Yes it looks nice and neat. The enclosure probably keeps some of the animals from urinating or defecating close to the tree also. And, you may be able to sit on the edge and eat your lunch there on a sunny day. But, how would you like it if your most important interface – where the base of your trunk meets the earth and soil – is damp and wet all the time? Covered and piled up with rock and gravel and dust and dead leaves and weeds. Trapped and held in with nowhere to go.

Sometimes trees fall down and hurt people and property. Occasionally they fall down and miss everything all around ‘em. Often, the cause is natural – they are old and sick, they are growing unbalanced in the loose sand, el nino storms are strong and water has saturated the soil. Other times, human care and maintenance may play a role in the outcome. Hard to say. What is important is that while you are working and playing around these massive huge creatures, you pay attention and watch out. Lest a broken branch fall and hurt you. Do you see the hanging limb caught in the crotch here? Imagine it comes loose and tumbles down. If you are a gardener – best to caution tape and cone off the area until the arborists can come and take care of the problem.

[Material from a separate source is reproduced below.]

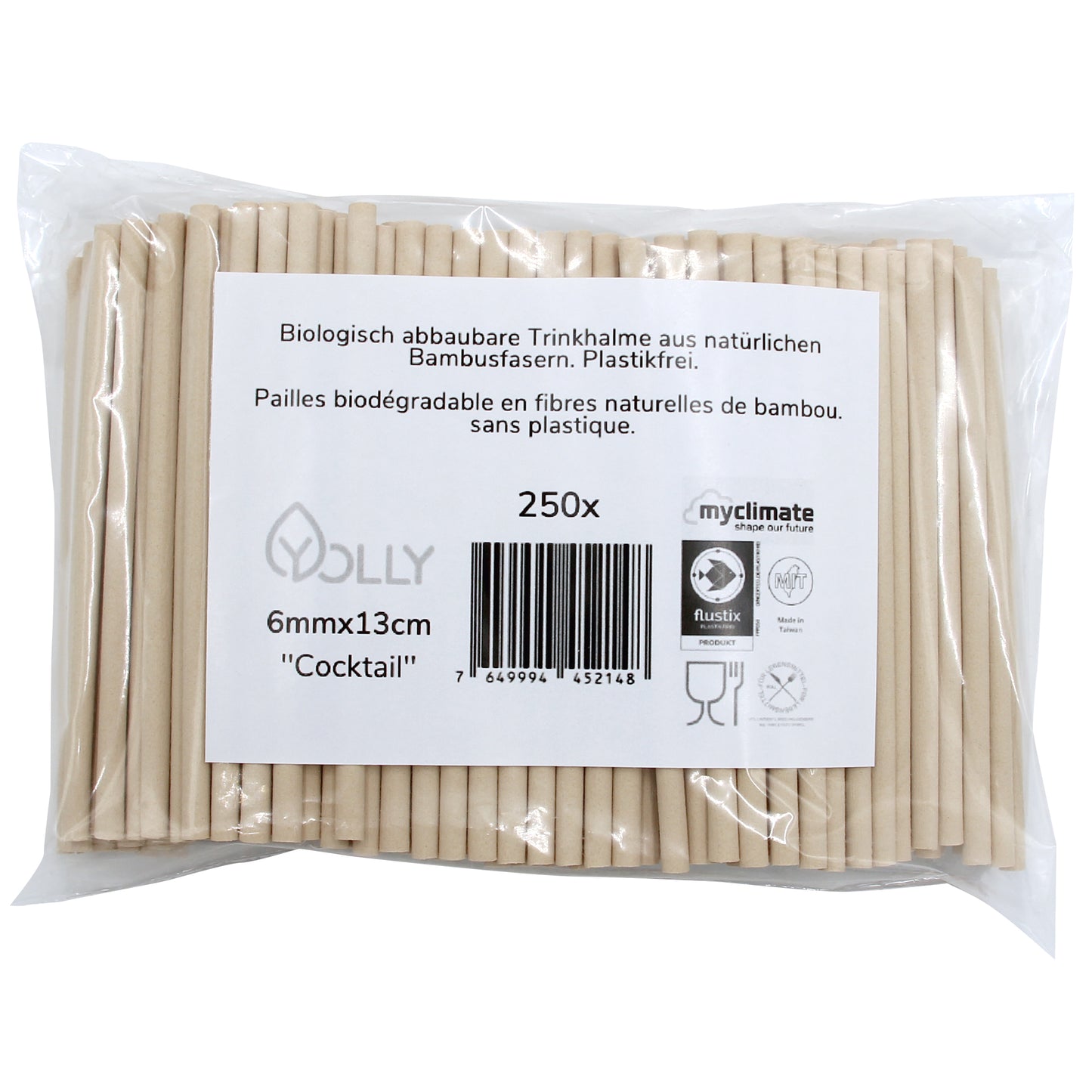 Trinkhalm Bambusfaser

You plant a big tree in a small space. It ain’t ever gonna fit right. It ain’t ever gonna stop growing till it dies. It ain’t ever gonna mature at 15’, more like 80’ then start growing sideways. As the tree grows, roots swell, and the sidewalk cracks. Gotta fix it. So you bring in the jackhammers and forms and bags of concrete. The reciprocating saw cuts the roots in the ground real good, and the saw blades are cheap. You cut the roots off clean and level. Some of the roots you cut are the fine fibrous roots in the upper surface. Down lower, you cut some of the larger thicker anchoring roots five six inches thick to almost a foot wide. Then you pour the concrete over the top. Once the new concrete is screeded and dry, nobody hardly even takes a second look.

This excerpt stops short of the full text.